During the weeks following the nomination her phone buzzed with lucrative offers from record-company A&R people, all of which she rejected. "That would have been selling my soul," she says. "The words 'recording contract' have always scared the hell out of me. It's always seemed like some kind of Faustian pact." Now she has a licensing deal with Eastwest that means they distribute and market her music, though she retains the rights. "I don't even have to play them the album before I deliver it," Williams says delightedly. "I don't get any feedback about whether it's good or not until the end. God bless them, they're doing their best for me and I'll do what I can. It's not like I'm a cash cow for them, more of a cash calf. If it all goes horribly wrong, then I've got another plan; I've always dreamt of being an osteopath."

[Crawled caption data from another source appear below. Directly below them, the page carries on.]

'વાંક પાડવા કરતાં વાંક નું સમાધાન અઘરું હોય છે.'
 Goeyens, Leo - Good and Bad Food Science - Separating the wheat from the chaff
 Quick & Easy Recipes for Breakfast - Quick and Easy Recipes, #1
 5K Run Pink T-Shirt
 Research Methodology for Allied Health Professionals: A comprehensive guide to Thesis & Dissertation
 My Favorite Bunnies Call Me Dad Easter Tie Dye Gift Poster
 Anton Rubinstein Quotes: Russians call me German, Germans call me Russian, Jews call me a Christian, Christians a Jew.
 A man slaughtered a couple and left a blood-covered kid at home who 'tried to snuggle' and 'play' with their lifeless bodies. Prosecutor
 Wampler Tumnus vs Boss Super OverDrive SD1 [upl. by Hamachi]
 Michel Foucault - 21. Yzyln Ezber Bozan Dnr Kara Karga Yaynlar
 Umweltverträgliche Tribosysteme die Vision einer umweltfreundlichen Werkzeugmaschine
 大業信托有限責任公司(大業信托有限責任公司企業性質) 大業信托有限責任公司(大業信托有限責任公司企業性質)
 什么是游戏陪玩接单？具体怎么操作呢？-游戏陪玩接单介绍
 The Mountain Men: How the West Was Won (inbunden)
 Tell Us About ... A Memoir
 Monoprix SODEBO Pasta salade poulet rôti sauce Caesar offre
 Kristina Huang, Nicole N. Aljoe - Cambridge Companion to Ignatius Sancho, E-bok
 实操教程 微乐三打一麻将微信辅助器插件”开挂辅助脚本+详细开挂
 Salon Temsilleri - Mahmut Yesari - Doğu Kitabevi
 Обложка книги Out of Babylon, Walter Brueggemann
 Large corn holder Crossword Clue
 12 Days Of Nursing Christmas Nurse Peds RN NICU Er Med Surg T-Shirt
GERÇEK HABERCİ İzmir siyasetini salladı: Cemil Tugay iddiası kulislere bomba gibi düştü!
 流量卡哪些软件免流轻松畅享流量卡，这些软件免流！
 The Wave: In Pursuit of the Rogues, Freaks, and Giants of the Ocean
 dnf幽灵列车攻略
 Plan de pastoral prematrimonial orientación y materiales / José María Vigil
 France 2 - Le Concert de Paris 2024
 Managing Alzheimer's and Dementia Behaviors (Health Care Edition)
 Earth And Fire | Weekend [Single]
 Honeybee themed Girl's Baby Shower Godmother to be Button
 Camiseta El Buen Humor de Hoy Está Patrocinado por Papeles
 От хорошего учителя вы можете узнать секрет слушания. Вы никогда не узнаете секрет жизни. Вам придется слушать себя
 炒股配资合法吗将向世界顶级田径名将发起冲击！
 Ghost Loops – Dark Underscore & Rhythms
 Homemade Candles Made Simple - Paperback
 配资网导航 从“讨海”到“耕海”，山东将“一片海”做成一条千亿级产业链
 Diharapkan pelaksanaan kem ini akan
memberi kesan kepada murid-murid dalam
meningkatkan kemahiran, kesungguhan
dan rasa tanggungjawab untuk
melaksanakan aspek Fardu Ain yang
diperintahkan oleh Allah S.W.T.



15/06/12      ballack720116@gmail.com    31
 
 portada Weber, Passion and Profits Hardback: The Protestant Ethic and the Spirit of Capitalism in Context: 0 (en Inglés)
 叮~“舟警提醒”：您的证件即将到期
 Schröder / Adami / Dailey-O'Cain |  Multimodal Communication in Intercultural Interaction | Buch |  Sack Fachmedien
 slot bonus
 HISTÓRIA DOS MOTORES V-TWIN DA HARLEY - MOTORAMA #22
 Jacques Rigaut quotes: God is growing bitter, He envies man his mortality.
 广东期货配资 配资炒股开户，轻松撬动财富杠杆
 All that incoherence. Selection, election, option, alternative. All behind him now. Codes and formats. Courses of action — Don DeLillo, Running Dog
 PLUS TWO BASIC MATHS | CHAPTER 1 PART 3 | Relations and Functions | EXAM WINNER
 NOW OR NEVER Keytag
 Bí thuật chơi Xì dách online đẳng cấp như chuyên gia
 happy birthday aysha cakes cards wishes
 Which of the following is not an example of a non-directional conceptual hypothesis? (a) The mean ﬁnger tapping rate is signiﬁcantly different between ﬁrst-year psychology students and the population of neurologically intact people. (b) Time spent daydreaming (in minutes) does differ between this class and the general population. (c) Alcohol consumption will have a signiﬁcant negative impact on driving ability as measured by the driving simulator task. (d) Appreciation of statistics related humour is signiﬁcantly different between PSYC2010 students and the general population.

During the making of Relations, Eastwest was undergoing radical downsizing. After the disappointing sales of Old Low Light, Williams assumed she would be dropped. That the label decided to keep her led to some serious soul-searching about the kind of music she should be making. Now, she says, she has come full circle and pretty much resigned herself to the fact that she'll never be in the charts. "If I'm honest, I don't care now," she shrugs. "I mean, I wouldn't mind it - I do need a new kitchen. But if people don't like it, I don't give a toss. I'm expecting [the new album] to bomb, and I'm actually quite excited about the idea. It feels really freeing, because of what I went through about feeling a failure. Now I think, 'Well, if I want to feel a failure, let's see how low it can go.' This is my fourth album and I'm pretty much at the same level that I was with my first. I'm a survivor. Putting this record together has brought me back to realising that I'm really lucky. I'm making music, which I play in front of other people. The fans who I meet at gigs are all nice people who seem to really appreciate what I do. You can't ask for much more than that, can you?"

'Relations' is out now on Eastwest/ Caw. Williams plays the Pop Factory, Porth (01443 688500), tonight, then tours to 12 June ( www.kathrynwilliams.net)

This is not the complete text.